Critical Appraisal of the Manufacturer's Submitted Economic Evaluation
Three studies were identified from screening 205 titles and abstracts. Of these all three studies were excluded. Two were costing studies and the other study was a cost-effectiveness analysis for IPF but not for the use of pirfenidone treatment.
The ERG checked the search strategy used for the cost-effectiveness searches and considered them reasonably comprehensive, fit for purpose, and reproducible. An additional search of National Health Service Economic Evaluation Database (NHSEED) has been run by the ERG and has not found any cost-effectiveness studies for pirfenidone.

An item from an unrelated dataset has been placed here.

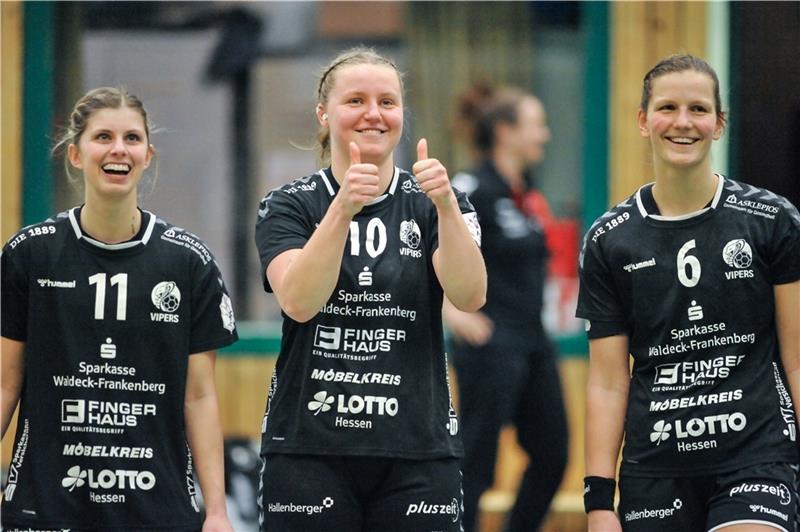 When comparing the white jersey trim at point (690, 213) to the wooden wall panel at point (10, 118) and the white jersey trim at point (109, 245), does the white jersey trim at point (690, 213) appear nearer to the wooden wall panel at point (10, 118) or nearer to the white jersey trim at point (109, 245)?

26 studies met the inclusion criteria.
- All three identified studies were excluded
- The manufacturer submitted an economic evaluation
Review of Published Meta-Analyses
Systematic Review with Evidence Tables
Note from the National Guideline Clearinghouse (NGC): The National Institute for Health and Care Excellence (NICE) commissioned an independent academic centre to perform a systematic literature review on the technology considered in this appraisal and prepare an Evidence Review Group (ERG) report. The ERG report for this technology appraisal was prepared by the Southampton Health Technology Assessments Centre (see the "Availability of Companion Documents" field).
Table 1 in the ERG report provides a summary of key features of included randomised controlled trials.

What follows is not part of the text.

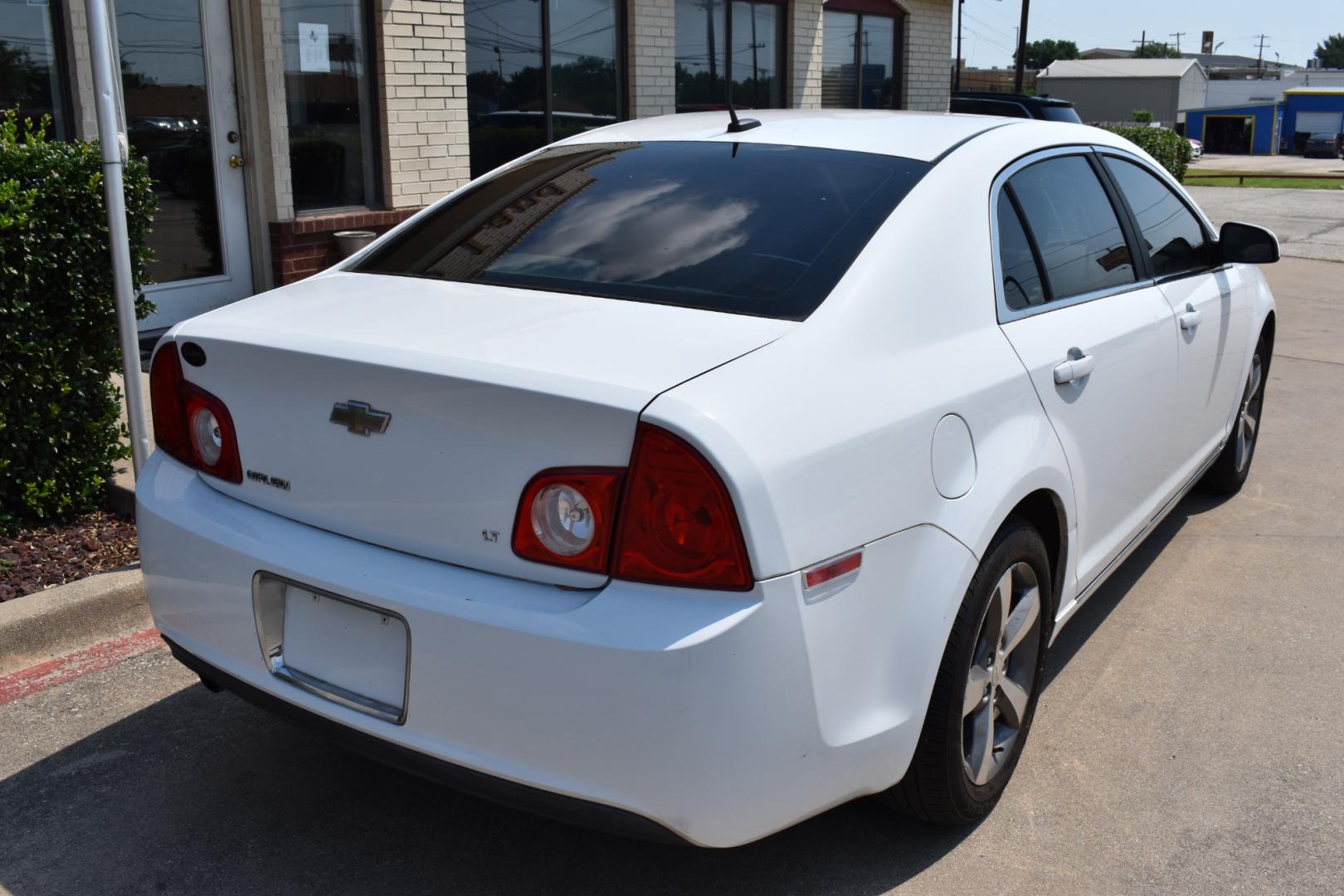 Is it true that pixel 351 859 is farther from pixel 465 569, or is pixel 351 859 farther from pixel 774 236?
pixel 774 236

Description and Critique of the Approach to Validity Assessment
The manufacturer's submission (MS) quality assessed the included trials using the NICE criteria and presents a summary in Table 2 in the ERG report, with further detail available in MS Appendix 3.
See Section 3.1.4 in the ERG report for additional detail on validity assessment.
Description and Critique of Manufacturer's Outcome Selection
The outcomes selected by the manufacturer seem appropriate and match the NICE scope/decision problem.
See Section 3.1.5 in the ERG report for additional detail on outcome selection.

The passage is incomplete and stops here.